The Middle Eastern culture and mindset, and the external influences rubbing against and exacerbating their inherent predicaments, do not allow them the benefits for which they yearn. It is just a more severe parallel to Obama, American congress and the subsequent domestic policy, or lack thereof. It quells my hope and dries the seeds of my inspiration for something better and more profound, an apathy which precedes the lamenting of two such staggering and unrecoverable losses through such seemingly inescapable futility. Even when Gandhi achieved such striking success in the thirties and forties, his legacy was simply a nation that fractured into civil war, bigotry incited persecution and unquantifiable poverty. Social norms in South Africa following Mandela’s renaissance have not been much better and are steadily descending. At the same time, however, I cannot help but revel in and appreciate these obstinate and volatile edges in the human psyche, because no matter how destructive they can be, they are also beautifully human and thus beautifully creative and complex. There is no Winston without Adolf, no Sartre without Beauvoir, no David without Goliath, and that constant rebalancing through conflict is what gives humanity its most luminous and exquisite colour. There is a beauty in war, all sorts of war; just ask any war correspondent, and they will tell you not just of the horror but of some of the most inspiring and moving humanity to ever percolate out of this planet and inspire the area which the lightbulb illuminates. They will tell you that that is a major reason in why they are where they are.
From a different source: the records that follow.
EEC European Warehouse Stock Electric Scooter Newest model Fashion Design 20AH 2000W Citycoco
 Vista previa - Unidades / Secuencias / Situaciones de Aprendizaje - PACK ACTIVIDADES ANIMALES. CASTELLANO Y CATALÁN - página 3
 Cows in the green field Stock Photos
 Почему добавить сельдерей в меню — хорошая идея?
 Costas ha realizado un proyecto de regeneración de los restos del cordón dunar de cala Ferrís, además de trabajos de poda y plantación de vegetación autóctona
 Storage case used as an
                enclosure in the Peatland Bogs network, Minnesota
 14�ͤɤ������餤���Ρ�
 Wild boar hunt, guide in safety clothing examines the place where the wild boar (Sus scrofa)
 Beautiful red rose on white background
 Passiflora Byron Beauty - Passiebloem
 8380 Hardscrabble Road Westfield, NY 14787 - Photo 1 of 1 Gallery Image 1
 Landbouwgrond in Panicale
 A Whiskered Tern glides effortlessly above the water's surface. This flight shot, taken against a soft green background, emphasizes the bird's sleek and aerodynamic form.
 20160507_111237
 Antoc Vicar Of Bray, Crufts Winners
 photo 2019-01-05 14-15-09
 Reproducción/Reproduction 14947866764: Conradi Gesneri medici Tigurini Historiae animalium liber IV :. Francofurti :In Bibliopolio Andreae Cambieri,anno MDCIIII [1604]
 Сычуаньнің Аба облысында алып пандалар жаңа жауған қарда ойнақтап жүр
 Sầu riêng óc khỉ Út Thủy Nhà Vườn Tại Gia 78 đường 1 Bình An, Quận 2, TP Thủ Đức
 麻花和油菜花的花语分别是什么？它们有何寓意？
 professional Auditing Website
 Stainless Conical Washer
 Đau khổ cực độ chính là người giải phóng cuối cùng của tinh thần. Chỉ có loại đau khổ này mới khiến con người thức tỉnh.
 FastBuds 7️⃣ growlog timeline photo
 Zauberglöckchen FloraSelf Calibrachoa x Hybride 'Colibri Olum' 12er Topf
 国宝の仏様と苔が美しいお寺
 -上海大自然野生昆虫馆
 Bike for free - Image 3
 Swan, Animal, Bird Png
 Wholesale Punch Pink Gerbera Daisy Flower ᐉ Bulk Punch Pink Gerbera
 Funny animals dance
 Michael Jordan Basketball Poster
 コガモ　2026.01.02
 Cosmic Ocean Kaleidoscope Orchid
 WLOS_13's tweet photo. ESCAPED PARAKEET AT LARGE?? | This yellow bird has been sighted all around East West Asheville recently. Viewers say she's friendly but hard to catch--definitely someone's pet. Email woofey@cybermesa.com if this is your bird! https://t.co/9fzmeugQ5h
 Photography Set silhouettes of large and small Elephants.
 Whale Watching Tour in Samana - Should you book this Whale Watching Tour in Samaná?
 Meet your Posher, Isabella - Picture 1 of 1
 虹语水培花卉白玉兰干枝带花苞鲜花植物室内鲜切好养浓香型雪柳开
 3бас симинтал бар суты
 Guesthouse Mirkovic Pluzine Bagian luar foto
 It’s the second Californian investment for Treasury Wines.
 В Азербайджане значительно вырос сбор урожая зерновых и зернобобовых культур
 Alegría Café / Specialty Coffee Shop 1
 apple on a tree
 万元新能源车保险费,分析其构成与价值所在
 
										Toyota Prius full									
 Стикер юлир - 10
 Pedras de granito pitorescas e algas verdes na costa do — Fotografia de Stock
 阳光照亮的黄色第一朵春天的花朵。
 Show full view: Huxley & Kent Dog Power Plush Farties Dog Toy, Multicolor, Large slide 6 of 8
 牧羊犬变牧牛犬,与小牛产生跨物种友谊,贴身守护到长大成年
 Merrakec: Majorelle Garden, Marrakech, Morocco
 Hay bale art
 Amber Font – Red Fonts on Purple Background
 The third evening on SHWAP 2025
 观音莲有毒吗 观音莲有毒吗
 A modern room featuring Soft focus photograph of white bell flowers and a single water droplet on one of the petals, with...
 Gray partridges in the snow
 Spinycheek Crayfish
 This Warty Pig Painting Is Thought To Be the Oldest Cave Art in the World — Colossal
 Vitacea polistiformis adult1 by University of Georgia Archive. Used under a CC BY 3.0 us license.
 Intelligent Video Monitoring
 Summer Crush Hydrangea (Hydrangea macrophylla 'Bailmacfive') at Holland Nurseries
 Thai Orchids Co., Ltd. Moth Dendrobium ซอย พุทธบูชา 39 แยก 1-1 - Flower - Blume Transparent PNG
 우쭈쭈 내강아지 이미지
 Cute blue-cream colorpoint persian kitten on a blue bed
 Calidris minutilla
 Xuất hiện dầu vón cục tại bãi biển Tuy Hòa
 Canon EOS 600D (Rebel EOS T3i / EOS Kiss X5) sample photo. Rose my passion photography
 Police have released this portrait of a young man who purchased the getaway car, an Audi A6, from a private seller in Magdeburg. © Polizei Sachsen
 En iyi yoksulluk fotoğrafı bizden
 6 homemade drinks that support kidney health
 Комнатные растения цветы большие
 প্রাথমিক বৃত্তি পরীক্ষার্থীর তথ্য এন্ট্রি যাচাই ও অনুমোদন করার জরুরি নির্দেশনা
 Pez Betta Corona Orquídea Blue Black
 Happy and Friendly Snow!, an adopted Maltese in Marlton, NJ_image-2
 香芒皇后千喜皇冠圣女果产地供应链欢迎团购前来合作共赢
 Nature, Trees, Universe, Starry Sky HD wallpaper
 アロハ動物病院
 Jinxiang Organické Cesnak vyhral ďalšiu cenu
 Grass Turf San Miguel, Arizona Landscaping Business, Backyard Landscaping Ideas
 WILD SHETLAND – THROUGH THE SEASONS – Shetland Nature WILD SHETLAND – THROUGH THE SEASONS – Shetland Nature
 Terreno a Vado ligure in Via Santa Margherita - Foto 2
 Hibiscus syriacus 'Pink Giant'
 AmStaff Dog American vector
Order and disorder are meant to clash. The ancient Greeks gave form to these two sides of human nature in Apollo, who stood for the rational and the self-disciplined, and Dionysus, who represented the spontaneous and the emotional. Friedrich Nietzsche proposed that the interaction of the Apollonian and the Dionysian was the foundation of creative work, and modern creativity research has confirmed this insight, revealing the key relationship between breaking and making, challenging and refining, disrupting and organising. The theatre of war is the place you want to be. That is the place where knowledge dilutes from knowledge.

Perhaps, if resolution is indeed the goal, in the end we just need to strip it back to where less is more; smaller entities entail less complex interests and more transparent and frank dialogue or action. It is the reason why the UN has progressively become more and more incompetent and incapacitated, paralysed from the ground up to a point where it’s words mean little and it’s actions even less. There is a Russian I met in Siberia while crossing it by motorbike two winters ago, who was absurdly generous, gifting our little group of combatants woollen socks, balaclavas, gloves and food out of simple concern for our wellbeing and general insanity, and with whom I struck up a Facebook friendship as a result. This kind man, unsurprisingly given the gun and two knives on his person at first meeting, turned out to be the archetypal nationalist Russian, pertinaciously advocating the reintegration of ex-Soviet states, the persecution of homosexuality, the destruction of America and Western ideals which have ‘infiltrated and perniciously degraded Russian society’, and so on. Ergo, me being me, he and I went to war online in what became an increasingly exasperating affair. However, despite our clear separation in ideals, conclusions, ethics and morals, at the base of it all, from a man to another, he was still intelligent and kind (to me at least, and to the American in my group, might I add), and the conflict we engaged in made us both think and grow and create. After all, good and bad are subjective, viewed only through the prism in which you exist.

So, harking back somewhat, this is not to say that humanity is best when in isolation, clearly. It is just to say that, between some peoples, naturally of completely different mindsets, perhaps there are exceptions to the rule - as there are in every aspect of humanity - and that conflict should be cherished. And that the concept of ‘progress’, as we tend to look at it, is often just a shimmering illusion which masks where our efforts should really lie.